The Scottish government have produced guidance for accommodation providers that runs to many, many pages. It details the risk assessment process that providers are expected to follow in order to ensure that they can open safely. The guidance requires providers adhere (wherever possible) to a 2m social distance protocol (although some commentators suggest this may be reduced in the coming weeks). This will inevitably reduce capacity in dining areas. There is also very strict guidance on hygiene and cleaning protocols as one would hope and expect. All of this means (in my opinion) that capacity is likely to be reduced in restaurants, cafes and possibly also in hotels and B&Bs in terms of how many rooms they can let and still maintain the required social distancing.
All of this guidance anticipates that establishments 'may' be able to open when Scotland moves to phase 3 of the 'route out of lockdown'. The guidance states that at the moment this is envisaged to be on or about 15th July, although it stresses that this date may change and that the date may not apply to all the various sorts of hospitality and tourism businesses.
So in summary, it is uncertain as to whether hotels, B&B and self catering properties will be able to reopen from 15th July. My bet is that if there is a delay then it is likely to apply to hotels and B&Bs as the guidance will be easier to follow for self catering properties. But this is just my view - not anything official.
At the moment the guidance on travel distance for us in Scotland is still 5 miles, unless to buy essential food or medicines or (and this is a new thing) to visit family (outdoors only).
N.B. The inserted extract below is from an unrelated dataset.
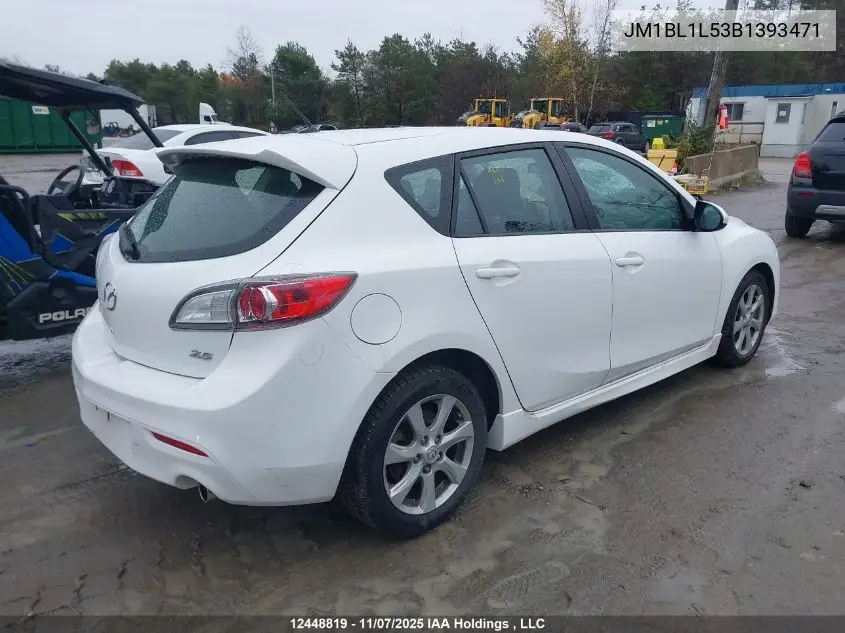 JM1BL1L53B1393471 2011 Mazda Mazda3 Gs
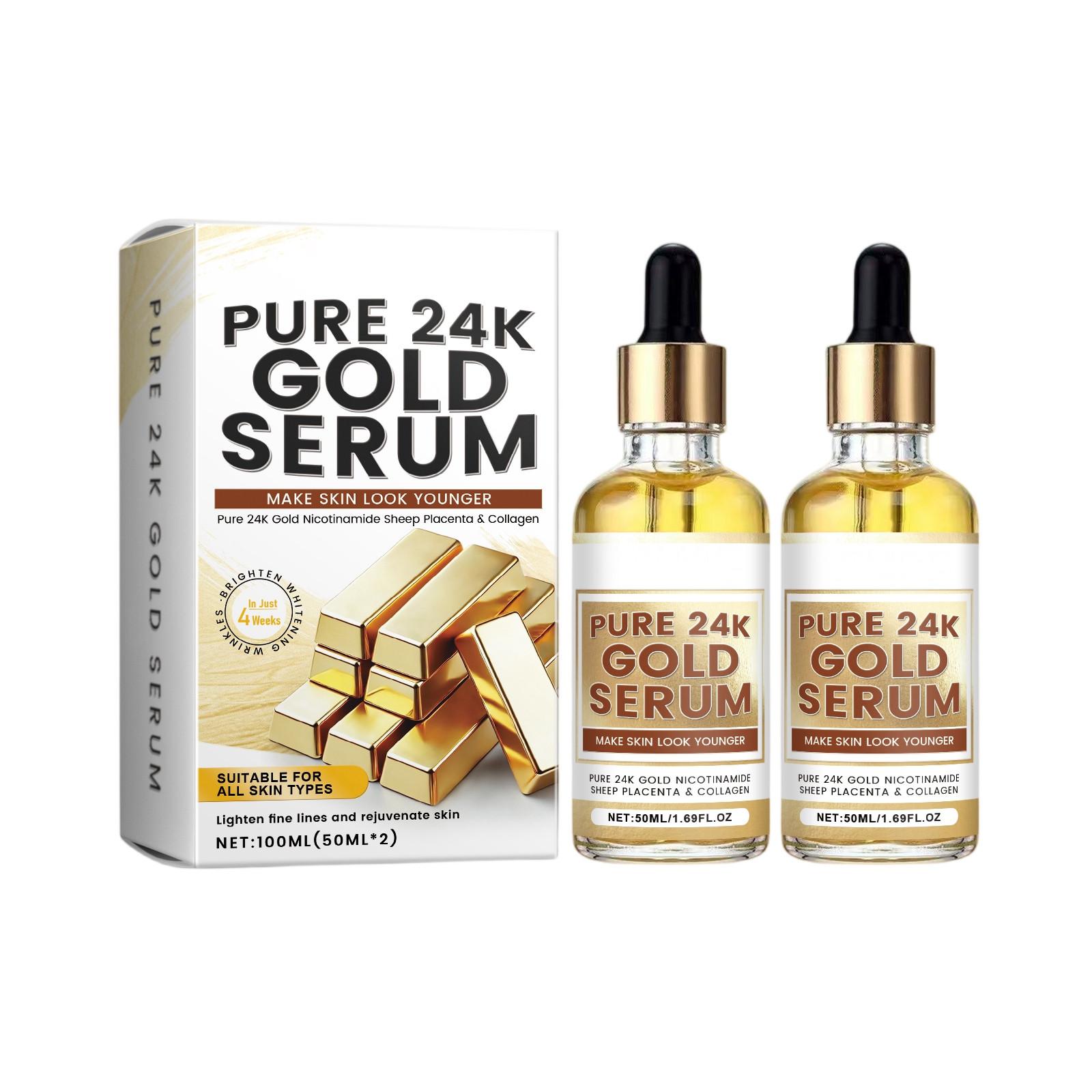 

Прозрачная укрепляющая жидкость, антиоксидант, осветляет тусклые морщины, укрепляющая жидкость, уход за чувствительной кожей, покраснения, длительное увлажнение, 100 мл One Size золотой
My advice would be to check very carefully the cancellation conditions of any bookings that you do decide to make for this summer. I have spoken to many colleagues in the B&B sector and most are hoping (reluctantly) that visitors (even from other parts of the UK) stay away from our remote communities this year, to protect us from the virus. Remember healthcare provision in areas such as Skye is based on the permanent population, not on the large numbers we see here during a typical tourist season.